In December of 1862, one of the Union's ironclad gunboats, the USS Cairo, patrolling the Yazoo River north of Vicksburg struck a mine and settled to the bottom where it was eventually covered in silt and thereby preserved. After a diligent search with metal detectors, the gunboat was rediscovered in 1956.
Remains of the USS Cairo
The plan was to raise the ship intact however the wooden hull was so soft that the cables they were trying to lift it with cut through the wood and the ship eventually had to be recovered in three sections. These were carefully restored and in the 1970s transported to the Vicksburg Military Park where the remains of the Cairo are currently displayed under a tensioned fabric covering to try and protect it from the miserable southern weather. During the recovery, they were able to salvage a (excuse the expression) boatload of artifacts, many of which are displayed in the associated USS Cairo Museum. The armor plating and cannon are very well preserved, the wooden parts of the structure less so and significantly deteriorating after being exposed for 40 years. It is certainly one of the most interesting parts of visiting the park.
A boatload of artifacts
While in Vicksburg we took the opportunity to eat at the world-famous Walnut Hills Restaurant (you know that they are world-famous because they tell you so right on their website) where they make the best fried chicken on the planet. This is actually the third place that we have eaten the best fried chicken on the planet. The first, you will recall, was at the Kurtz Restaurant in Bardstown Kentucky. In Memphis we ate at Gus's World-Famous Fried Chicken on Front Street which is also reputed to have the world's best. It was quite a bit spicier than the Bardstown chicken and I really liked it. Gus's is a real dive where they only do one thing, but they do it really well. If you don't want fried chicken, you gotta find another place to eat.

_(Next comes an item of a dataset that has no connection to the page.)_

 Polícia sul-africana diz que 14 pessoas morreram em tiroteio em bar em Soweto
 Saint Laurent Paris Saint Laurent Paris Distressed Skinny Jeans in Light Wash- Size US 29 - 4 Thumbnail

On the porch of the Walnut Hills Restaurant
The Walnut Hills restaurant is quite a bit more upscale. It is situated in a 100-year-old house in the downtown area where you sit at a nice table with a white tablecloth and choose from a relatively extensive menu. But if you are just passing through and are only going to eat there once, forget the menu, have the fried chicken. It is not as hot as Gus's but is well seasoned, juicy and delicious. The restaurant is supposed to be very busy in the evenings but we happened to be there in the midafternoon and essentially had the place to ourselves. If you're ever in Vicksburg, don't miss it.

Wednesday, November 6, 2013

Mud Island

Just along the Tennessee side of the Mississippi River at Memphis is Mud Island, one of the many small islands that have traditionally formed and then disappeared as the Mississippi River erodes its banks and changes its shape over the decades. Mud Island has become somewhat more permanent in the last half of the 20th century through efforts of the Army Corps of Engineers in their attempts to control the river for commerce,  providing a more or less stable platform for a community park and civic area. A monorail system takes you from the west end of Beale Street across a small channel to the island upon which is located the Mississippi River Museum.

This is a rather large Museum covering two floors telling the story of the river from pre-Columbian times up until the modern era. The first Europeans to see the Mississippi River were in the expedition of Hernandez De Soto in 1541. He was so excited at the prospect that he died right on the spot. Well, actually he died of a tropical fever. In order to make it easier to deal with the locals, Hernandez had kind of let on that he was a god and the remaining members of his party had some difficulty figuring out how to explain his inconvenient demise to the natives. Remembering what happened to Sean Connery in "The Man Who Would Be King", they decided the best course was to wrap his body up in a blanket with a bunch of rocks and sink it in the Mississippi in the middle of the night when nobody was looking. Then they made up some excuse and hot footed it back to Mexico, but not before claiming the river and all of its tributaries in the name of Spain.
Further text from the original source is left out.